• Short text fragments from websites
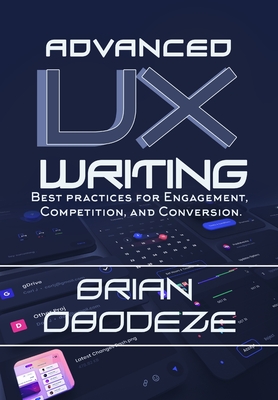 Advanced UX Writing: Best Practices for Engagement, Competition, and Conversion - Obodeze, Brian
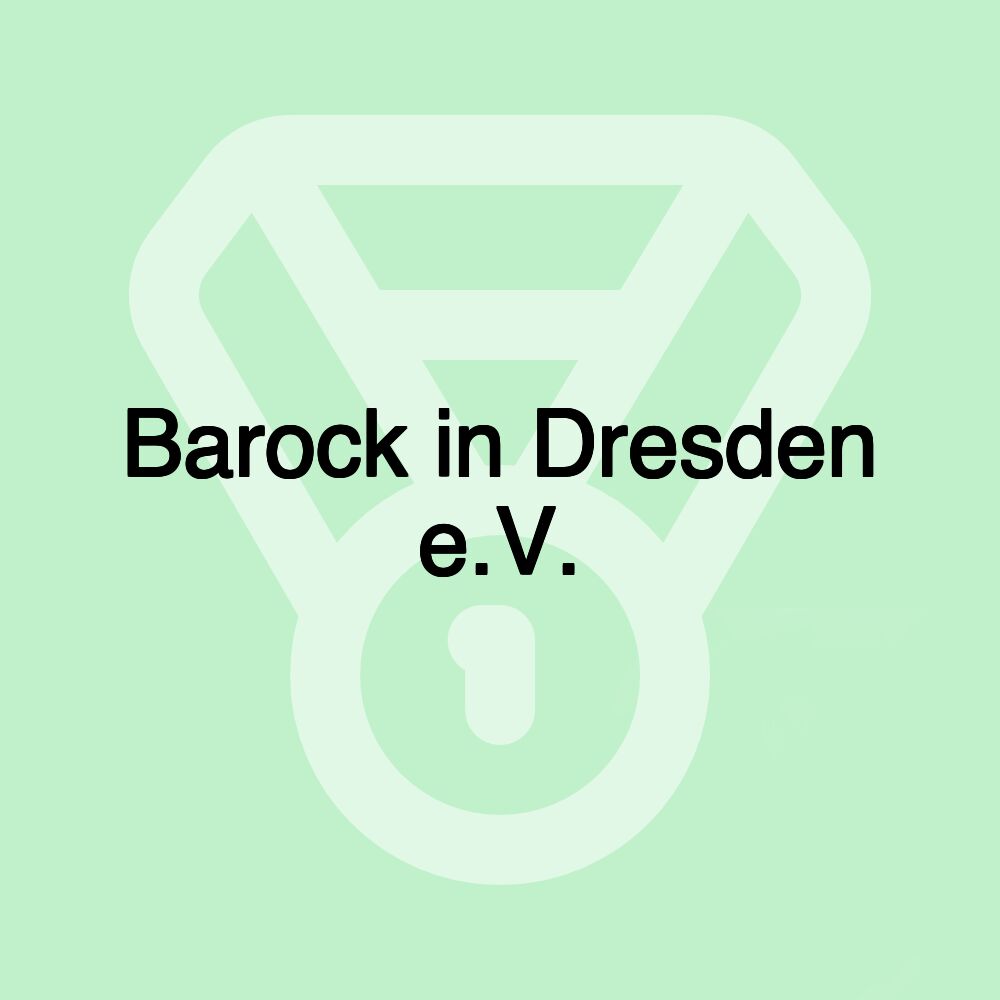 Barock in Dresden e.V.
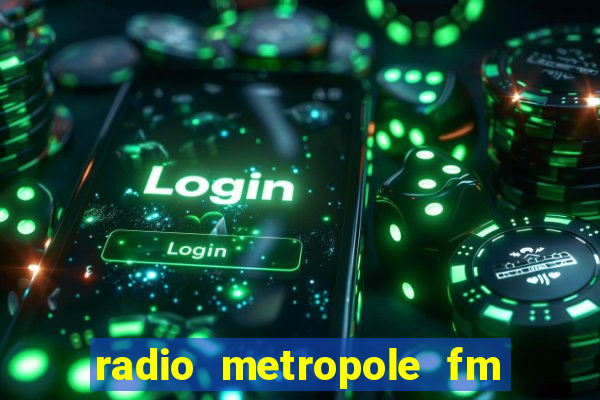 radio metropole fm salvador bahia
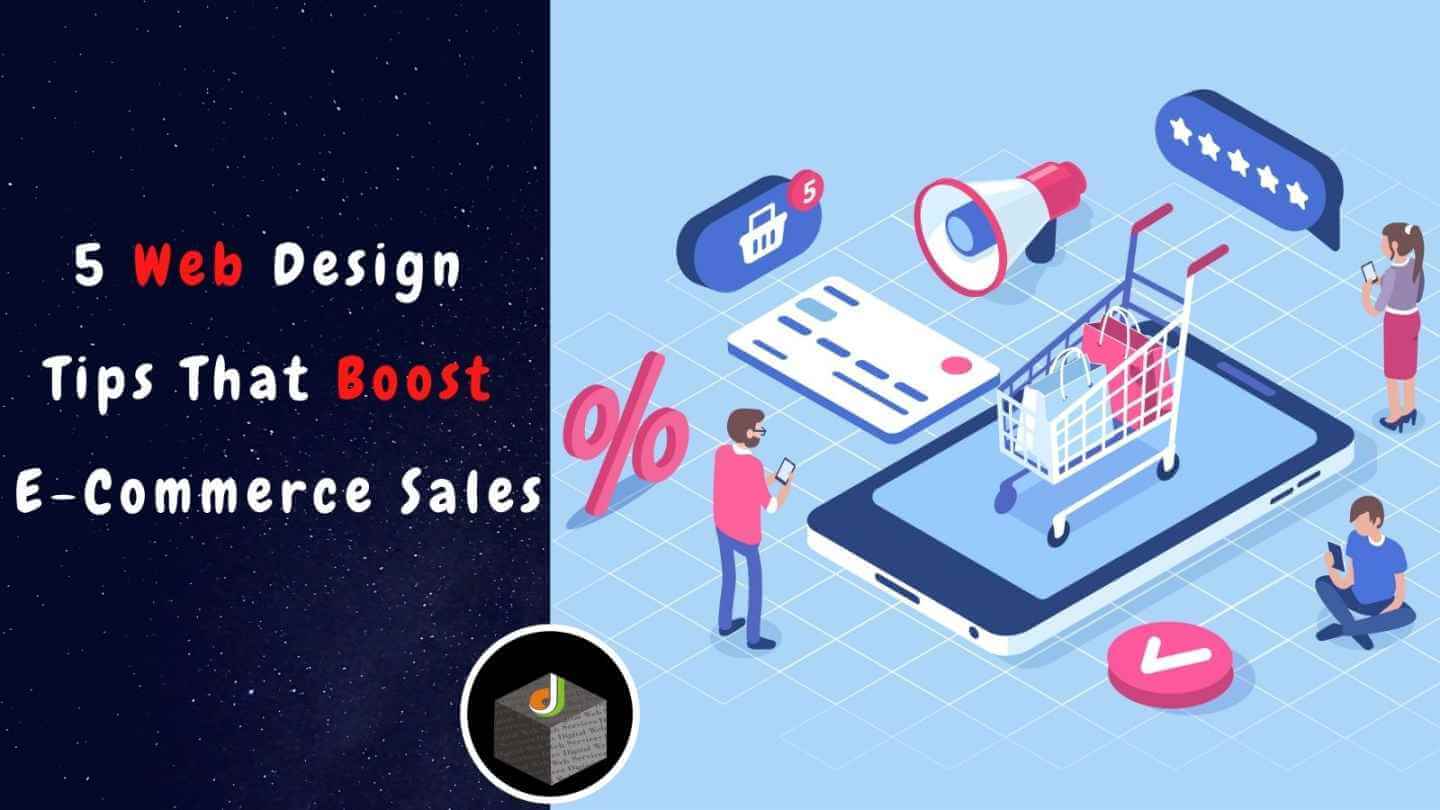 Web Design Tips That Boost E-Commerce Sales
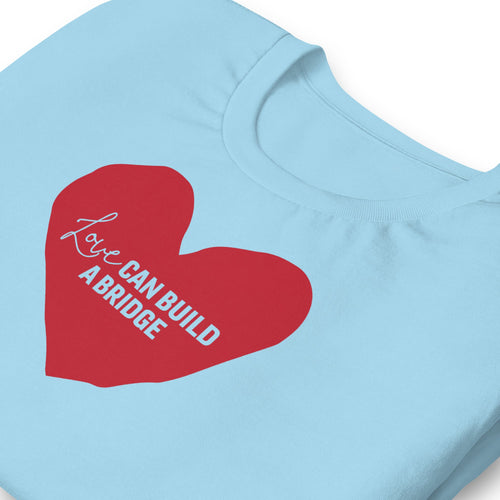 "Love Can Build A Bridge" Unisex t-shirt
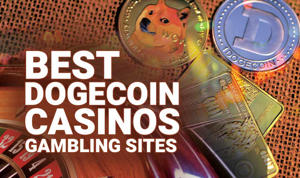 Best Dogecoin Casinos and DOGE Gambling Sites Online in 2022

• The task
Give a verbatim transcription of the entries, leaving out the pictures.

• Response area
 Advanced UX Writing: Best Practices for Engagement, Competition, and Conversion - Obodeze, Brian
 Barock in Dresden e.V.
 radio metropole fm salvador bahia
 Web Design Tips That Boost E-Commerce Sales
 "Love Can Build A Bridge" Unisex t-shirt
 Best Dogecoin Casinos and DOGE Gambling Sites Online in 2022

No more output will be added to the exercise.